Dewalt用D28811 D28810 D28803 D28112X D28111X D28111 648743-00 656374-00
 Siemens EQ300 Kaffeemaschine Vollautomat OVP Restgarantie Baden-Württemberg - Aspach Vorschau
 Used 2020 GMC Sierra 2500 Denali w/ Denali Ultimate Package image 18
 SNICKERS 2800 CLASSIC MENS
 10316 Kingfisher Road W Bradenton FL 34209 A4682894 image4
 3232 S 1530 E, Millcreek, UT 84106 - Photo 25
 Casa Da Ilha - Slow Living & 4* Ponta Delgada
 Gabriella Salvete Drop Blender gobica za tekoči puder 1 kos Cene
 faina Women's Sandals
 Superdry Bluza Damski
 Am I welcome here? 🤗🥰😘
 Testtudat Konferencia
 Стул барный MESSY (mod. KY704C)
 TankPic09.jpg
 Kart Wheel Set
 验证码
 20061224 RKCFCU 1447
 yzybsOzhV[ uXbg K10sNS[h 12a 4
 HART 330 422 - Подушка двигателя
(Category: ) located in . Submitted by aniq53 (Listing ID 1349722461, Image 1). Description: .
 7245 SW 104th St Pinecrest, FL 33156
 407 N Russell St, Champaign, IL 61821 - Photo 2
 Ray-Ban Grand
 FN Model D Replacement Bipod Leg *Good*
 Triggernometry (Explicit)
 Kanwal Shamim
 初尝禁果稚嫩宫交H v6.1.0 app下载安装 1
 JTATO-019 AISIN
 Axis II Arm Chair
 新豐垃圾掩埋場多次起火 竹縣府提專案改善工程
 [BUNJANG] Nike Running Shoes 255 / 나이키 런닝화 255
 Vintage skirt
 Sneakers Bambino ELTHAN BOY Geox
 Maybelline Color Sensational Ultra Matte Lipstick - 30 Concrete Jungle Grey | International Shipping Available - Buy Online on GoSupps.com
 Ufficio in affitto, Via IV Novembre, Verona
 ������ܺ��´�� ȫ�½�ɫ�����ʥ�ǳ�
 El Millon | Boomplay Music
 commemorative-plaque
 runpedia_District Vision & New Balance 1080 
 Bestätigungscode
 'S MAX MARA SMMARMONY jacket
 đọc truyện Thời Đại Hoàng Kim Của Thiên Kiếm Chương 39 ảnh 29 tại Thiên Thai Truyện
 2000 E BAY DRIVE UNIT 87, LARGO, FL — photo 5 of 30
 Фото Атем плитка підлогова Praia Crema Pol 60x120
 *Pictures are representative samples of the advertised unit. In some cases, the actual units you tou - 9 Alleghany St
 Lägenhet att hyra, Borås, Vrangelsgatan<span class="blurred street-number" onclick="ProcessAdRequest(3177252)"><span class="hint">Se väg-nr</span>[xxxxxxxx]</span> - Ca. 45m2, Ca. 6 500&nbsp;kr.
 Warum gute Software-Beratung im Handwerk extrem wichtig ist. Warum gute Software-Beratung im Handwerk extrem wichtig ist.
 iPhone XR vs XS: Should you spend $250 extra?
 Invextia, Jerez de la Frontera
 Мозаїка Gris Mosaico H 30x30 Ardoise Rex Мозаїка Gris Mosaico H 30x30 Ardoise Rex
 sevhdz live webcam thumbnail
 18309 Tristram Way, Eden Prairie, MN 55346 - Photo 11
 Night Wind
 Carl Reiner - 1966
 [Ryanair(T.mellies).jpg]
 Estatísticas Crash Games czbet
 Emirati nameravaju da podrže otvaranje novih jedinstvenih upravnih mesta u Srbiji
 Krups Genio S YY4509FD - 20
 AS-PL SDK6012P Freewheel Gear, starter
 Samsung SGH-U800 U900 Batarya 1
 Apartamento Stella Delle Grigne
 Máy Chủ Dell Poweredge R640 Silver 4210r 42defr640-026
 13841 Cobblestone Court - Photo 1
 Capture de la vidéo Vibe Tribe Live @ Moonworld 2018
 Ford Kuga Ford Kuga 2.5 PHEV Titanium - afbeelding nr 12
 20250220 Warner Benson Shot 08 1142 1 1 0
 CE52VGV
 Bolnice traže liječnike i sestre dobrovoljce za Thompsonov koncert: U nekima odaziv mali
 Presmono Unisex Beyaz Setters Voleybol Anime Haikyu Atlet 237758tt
□ □ □ □ □
What to do. Retype each record exactly, leaving nothing out.

Finished task.
Dewalt用D28811 D28810 D28803 D28112X D28111X D28111 648743-00 656374-00
 Siemens EQ300 Kaffeemaschine Vollautomat OVP Restgarantie Baden-Württemberg - Aspach Vorschau
 Used 2020 GMC Sierra 2500 Denali w/ Denali Ultimate Package image 18
 SNICKERS 2800 CLASSIC MENS
 10316 Kingfisher Road W Bradenton FL 34209 A4682894 image4
 3232 S 1530 E, Millcreek, UT 84106 - Photo 25
 Casa Da Ilha - Slow Living & 4* Ponta Delgada
 Gabriella Salvete Drop Blender gobica za tekoči puder 1 kos Cene
 faina Women's Sandals
 Superdry Bluza Damski
 Am I welcome here? 🤗🥰😘
 Testtudat Konferencia
 Стул барный MESSY (mod. KY704C)
 TankPic09.jpg
 Kart Wheel Set
 验证码
 20061224 RKCFCU 1447
 yzybsOzhV[ uXbg K10sNS[h 12a 4
 HART 330 422 - Подушка двигателя
(Category: ) located in . Submitted by aniq53 (Listing ID 1349722461, Image 1). Description: .
 7245 SW 104th St Pinecrest, FL 33156
 407 N Russell St, Champaign, IL 61821 - Photo 2
 Ray-Ban Grand
 FN Model D Replacement Bipod Leg *Good*
 Triggernometry (Explicit)
 Kanwal Shamim
 初尝禁果稚嫩宫交H v6.1.0 app下载安装 1
 JTATO-019 AISIN
 Axis II Arm Chair
 新豐垃圾掩埋場多次起火 竹縣府提專案改善工程
 [BUNJANG] Nike Running Shoes 255 / 나이키 런닝화 255
 Vintage skirt
 Sneakers Bambino ELTHAN BOY Geox
 Maybelline Color Sensational Ultra Matte Lipstick - 30 Concrete Jungle Grey | International Shipping Available - Buy Online on GoSupps.com
 Ufficio in affitto, Via IV Novembre, Verona
 ������ܺ��´�� ȫ�½�ɫ�����ʥ�ǳ�
 El Millon | Boomplay Music
 commemorative-plaque
 runpedia_District Vision & New Balance 1080 
 Bestätigungscode
 'S MAX MARA SMMARMONY jacket
 đọc truyện Thời Đại Hoàng Kim Của Thiên Kiếm Chương 39 ảnh 29 tại Thiên Thai Truyện
 2000 E BAY DRIVE UNIT 87, LARGO, FL — photo 5 of 30
 Фото Атем плитка підлогова Praia Crema Pol 60x120
 *Pictures are representative samples of the advertised unit. In some cases, the actual units you tou - 9 Alleghany St
 Lägenhet att hyra, Borås, Vrangelsgatan<span class="blurred street-number" onclick="ProcessAdRequest(3177252)"><span class="hint">Se väg-nr</span>[xxxxxxxx]</span> - Ca. 45m2, Ca. 6 500&nbsp;kr.
 Warum gute Software-Beratung im Handwerk extrem wichtig ist. Warum gute Software-Beratung im Handwerk extrem wichtig ist.
 iPhone XR vs XS: Should you spend $250 extra?
 Invextia, Jerez de la Frontera
 Мозаїка Gris Mosaico H 30x30 Ardoise Rex Мозаїка Gris Mosaico H 30x30 Ardoise Rex
 sevhdz live webcam thumbnail
 18309 Tristram Way, Eden Prairie, MN 55346 - Photo 11
 Night Wind
 Carl Reiner - 1966
 [Ryanair(T.mellies).jpg]
 Estatísticas Crash Games czbet
 Emirati nameravaju da podrže otvaranje novih jedinstvenih upravnih mesta u Srbiji
 Krups Genio S YY4509FD - 20
 AS-PL SDK6012P Freewheel Gear, starter
 Samsung SGH-U800 U900 Batarya 1
 Apartamento Stella Delle Grigne
 Máy Chủ Dell Poweredge R640 Silver 4210r 42defr640-026
 13841 Cobblestone Court - Photo 1
 Capture de la vidéo Vibe Tribe Live @ Moonworld 2018
 Ford Kuga Ford Kuga 2.5 PHEV Titanium - afbeelding nr 12
 20250220 Warner Benson Shot 08 1142 1 1 0
 CE52VGV
 Bolnice traže liječnike i sestre dobrovoljce za Thompsonov koncert: U nekima odaziv mali
 Presmono Unisex Beyaz Setters Voleybol Anime Haikyu Atlet 237758tt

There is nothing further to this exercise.